WASHINGTON -- With the tally of high-profile data breaches seemingly growing by the day, some RIA compliance experts suggest that advisors should think in terms of how they will respond not if their practice gets hacked, but when.
Cyber attacks and data breaches come in many forms, ranging from sophisticated attacks perpetrated by highly skilled hackers to lost laptops that contain sensitive company information.
Small firms may not be as alluring a target as, say, J.P. Morgan or Fidelity, but experts warn that hackers might go after RIAs in search of a backdoor into the larger financial houses that serve as custodians, if not for the client information that advisors hold in their own systems. And the consequences of a breach can be dire.
"I think the lower you get in firm size, the challenge is the greater the impact is going to be on your firm's reputation, and the lower the resources are to deal with it," says Duane Thompson, senior policy analyst at fi360, a fiduciary training company.
Officials at the SEC have been warning that RIAs, even small shops, won't get a pass on cybersecurity.
"Just because you're small doesn't mean that you can just ignore this," says Michael Weissmann, a partner at the law firm Bingham McCutchen.
MAKE A PLAN
When considering how to respond to a cyber attack, firms should start by taking the advice they routinely provide their clients: make a plan.
"The SEC wants to know that the RIA firm's continuity plan not only addresses natural disasters and other common business disruptions, but also cybersecurity threats," the compliance consulting firm RIA in a Box says.
That plan needs to include concrete steps that a firm will take in the event of an attack, including an assessment of the extent of the breach, as well as procedures for notifying the appropriate law-enforcement authorities, third parties and clients.

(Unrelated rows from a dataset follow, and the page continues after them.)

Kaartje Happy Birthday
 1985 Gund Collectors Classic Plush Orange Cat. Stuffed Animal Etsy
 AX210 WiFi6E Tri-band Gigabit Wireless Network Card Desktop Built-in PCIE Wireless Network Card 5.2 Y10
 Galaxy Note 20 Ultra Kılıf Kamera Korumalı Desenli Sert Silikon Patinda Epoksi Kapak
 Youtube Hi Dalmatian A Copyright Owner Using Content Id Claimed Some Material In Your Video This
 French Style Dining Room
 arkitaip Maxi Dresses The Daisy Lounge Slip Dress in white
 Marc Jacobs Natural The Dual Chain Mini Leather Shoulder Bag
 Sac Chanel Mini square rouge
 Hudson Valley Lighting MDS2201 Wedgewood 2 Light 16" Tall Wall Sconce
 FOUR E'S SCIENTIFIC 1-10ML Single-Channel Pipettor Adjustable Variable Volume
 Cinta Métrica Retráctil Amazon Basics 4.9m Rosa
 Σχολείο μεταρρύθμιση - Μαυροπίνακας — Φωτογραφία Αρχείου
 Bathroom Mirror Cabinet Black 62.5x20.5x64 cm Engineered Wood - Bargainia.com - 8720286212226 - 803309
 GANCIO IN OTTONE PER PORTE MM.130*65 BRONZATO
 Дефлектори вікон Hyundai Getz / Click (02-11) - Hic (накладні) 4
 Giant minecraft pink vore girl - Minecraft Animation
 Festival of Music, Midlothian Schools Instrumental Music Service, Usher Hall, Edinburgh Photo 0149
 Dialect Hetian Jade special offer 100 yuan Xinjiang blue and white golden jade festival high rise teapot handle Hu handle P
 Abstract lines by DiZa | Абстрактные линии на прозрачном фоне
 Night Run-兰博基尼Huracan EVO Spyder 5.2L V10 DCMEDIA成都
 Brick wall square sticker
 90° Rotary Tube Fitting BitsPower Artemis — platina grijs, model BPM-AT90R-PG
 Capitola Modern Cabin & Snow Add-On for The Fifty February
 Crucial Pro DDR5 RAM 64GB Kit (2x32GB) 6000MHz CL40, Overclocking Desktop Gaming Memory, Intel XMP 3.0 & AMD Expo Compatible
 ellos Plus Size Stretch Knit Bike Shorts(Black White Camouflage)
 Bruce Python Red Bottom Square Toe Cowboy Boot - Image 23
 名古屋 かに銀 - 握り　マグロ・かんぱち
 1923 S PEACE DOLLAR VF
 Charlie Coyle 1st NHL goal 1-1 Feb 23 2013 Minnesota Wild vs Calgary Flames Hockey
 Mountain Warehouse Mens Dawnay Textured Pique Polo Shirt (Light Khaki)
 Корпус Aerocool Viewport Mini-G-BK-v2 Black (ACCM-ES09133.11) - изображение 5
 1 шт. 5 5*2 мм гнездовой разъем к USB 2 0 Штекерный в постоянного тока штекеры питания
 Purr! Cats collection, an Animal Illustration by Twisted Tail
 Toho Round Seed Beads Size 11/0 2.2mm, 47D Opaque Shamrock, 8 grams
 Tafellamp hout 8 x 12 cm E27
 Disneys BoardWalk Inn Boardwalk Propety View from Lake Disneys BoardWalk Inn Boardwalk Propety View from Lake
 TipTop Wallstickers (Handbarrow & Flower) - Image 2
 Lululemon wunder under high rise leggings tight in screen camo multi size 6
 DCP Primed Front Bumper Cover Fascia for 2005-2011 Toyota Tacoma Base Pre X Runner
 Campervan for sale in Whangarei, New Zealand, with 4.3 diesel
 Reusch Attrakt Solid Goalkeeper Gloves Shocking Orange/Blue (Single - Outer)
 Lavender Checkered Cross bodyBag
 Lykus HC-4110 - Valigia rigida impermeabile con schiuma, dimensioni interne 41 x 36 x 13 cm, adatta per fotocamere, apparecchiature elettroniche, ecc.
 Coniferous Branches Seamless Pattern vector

"The first thing I would do if I find out I've been hacked is I would immediately alert all my clients and point out the problem and then I would hire an IT person, if you don't have someone on staff, to try to get down to the bottom of it," Thompson says, though he cautions that advisors should consider crafting their notification policy in consultation with an attorney.
"They need to be up speed on what's going on, and I think this is an area where advisors are going to have get some outside help," he says.
Additionally, he notes that practices should be measured in their communications with clients, taking care to ensure that they are setting reasonable expectations for how they will respond to a cyber intrusion.
"You need to have an intent of following up on what you promise," Thompson says. "You don't want to certainly over-promise or over-extend what you say you're going to do."
Many experts also believe that cyber insurance is an integral part of the response to a data breach, though they caution that advisors must read the fine print to understand the limitations of their coverage.
"It is important for investment advisors to understand how their firm is protected from an insurance standpoint should an unfortunate cybersecurity event occur," RIA in a Box says. "Unfortunately, a number of insurance policies may have insufficient liability limits and too many carve-outs that do not provide sufficient investment advisor information security liability protection."
Kenneth Corbin is a Financial Planning contributing writer in Washington.